Arrow-right Camera
The Spokesman-Review Newspaper
Spokane, Washington  Est. May 19, 1883

Opinion

Our View: Election process deserves scrutiny, not obstacles

The Spokesman-Review

The 2000 vote debacle in Florida is ingrained in the national psyche.

Who can forget the butterfly ballots, hanging chads, seemingly endless recounts, court challenges and U.S. Supreme Court decision that ultimately decided the presidential election in favor of George W. Bush?

In Washington, citizens were stunned again by a close gubernatorial election in 2004, which raised questions about voter eligibility and ballot tabulation.

The two high-profile elections have spurred election reform throughout the country and could be behind the results of an NBC/Wall Street Journal poll that shows 81 percent of the country supports a photo identification requirement at the polls. Seven states require photo ID now. Meanwhile, U.S. House Republicans tapped concern about voter fraud last week to pass a bill that requires voters to show a government-issued ID card before voting in federal elections. The bill passed on a 228-196 vote, with 98 percent of Republicans in favor of it, 98 percent of Democrats opposed. A vote by the Senate probably won’t take place until next year.

On the surface, Republicans seem to be doing something to increase voter confidence in election results. However, Democrats and the National Conference of State Legislatures have good reason to worry that this legislation might erect a barrier that will keep some citizens from voting. Or that it will create another costly layer of state bureaucracy while doing little to address a relatively minor problem.

The perception of growing voter fraud doesn’t line up with reality.

A League of Women Voters study was cited recently by the Associated Press as an example of how little voter fraud occurs. The study examined every election in Ohio from 2002 to 2004. It found that only .00004 percent of those who voted were ineligible to do so. Also, the American Civil Liberties Union told the AP, only 86 people have been convicted of federal crimes related to election fraud out of 196,139,871 ballots cast nationwide since October 2002.
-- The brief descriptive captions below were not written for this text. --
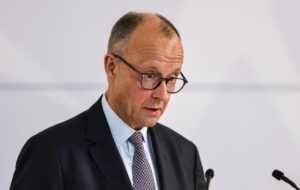 El canciller alemán Friedrich Merz habla durante una ceremonia del '75º aniversario de la Carta de los Expulsados Alemanes - Día de la Patria 2025' en Stuttgart, Alemania, 05 de agosto de 2025. (Alemania) EFE/EPA/RONALD WITTEK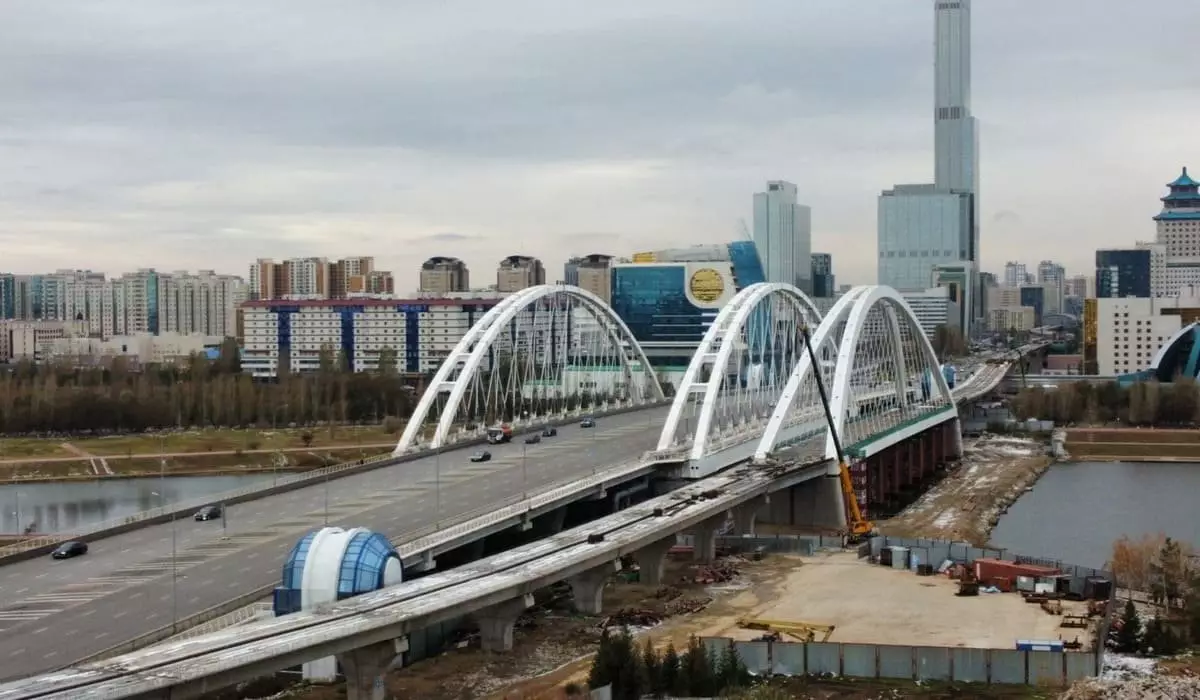 Строительство LRT в Астане: вантовый мост появился рядом с Домом министерств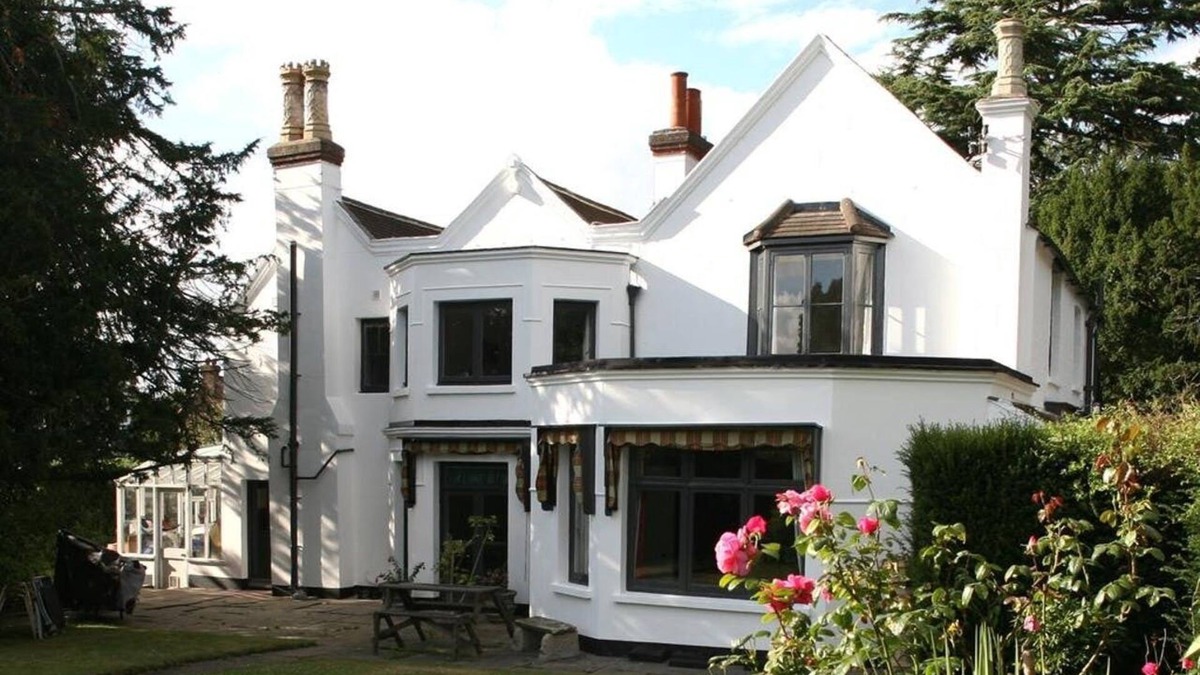 Esher Bed & Breakfast | West End Lodge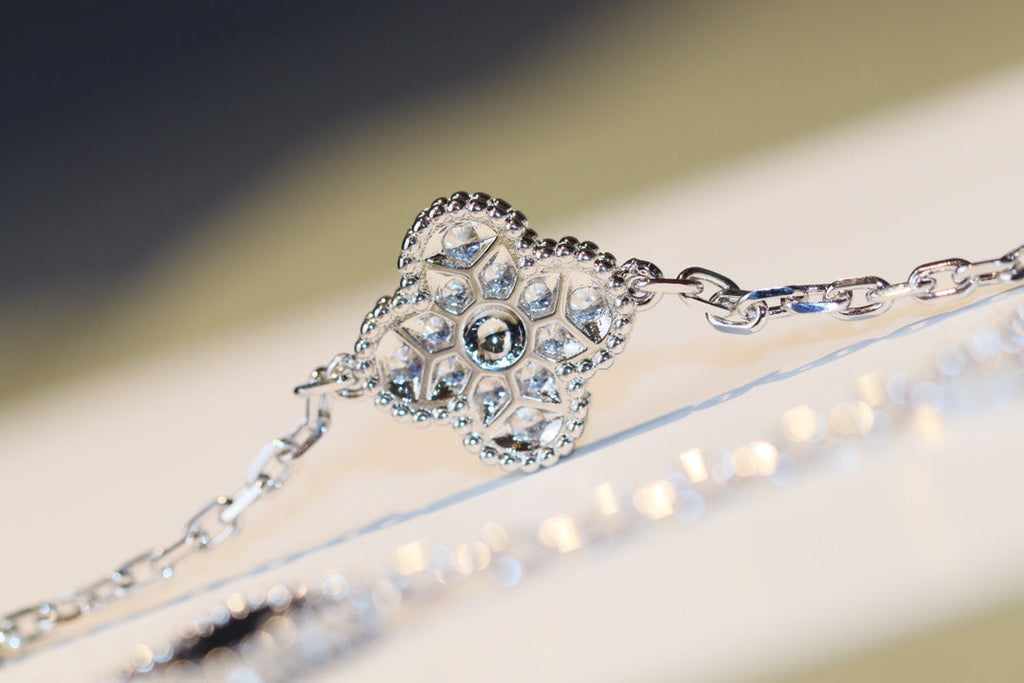 [Imperial] CLOVER 20 MOTIFS ONYX DIAMOND SILVER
Dan English remembers hearing of only one instance of voter fraud in Kootenai County in his 11 years as clerk, involving a Spokane resident who used a Lake Coeur d’Alene home address to vote. “Once in awhile,” English commented on Huckleberries Online, a Spokesman-Review blog, “we will have a person (who) appears to be attempting to vote when our records show they have already voted. This is usually a case of an elderly person (who) appears to have ‘forgotten’ they have already voted. We reassure them they have … and all is well.”

Many who support the photo ID reform say they won’t be inconvenienced because they routinely show their driver’s license to cash checks. However, those who live on the nation’s fringe might not have a driver’s license. U.S. Rep. Juanita Millender-McDonald of Carson, Calif., the ranking Democrat on the House Administration panel, told the AP that 40 percent of the seniors in Georgia don’t have any form of identification, including a birth certificate, to meet the proof-of-citizenship requirement for obtaining a proposed voter ID card. She maintains the voter-ID bill is nothing more than “a 21st-century poll tax.”

The presidential election in Florida and Washington’s last gubernatorial election show that election laws and practices deserve scrutiny. But neither detected widespread voter fraud. The voter-ID law is an overreaction to a minuscule problem.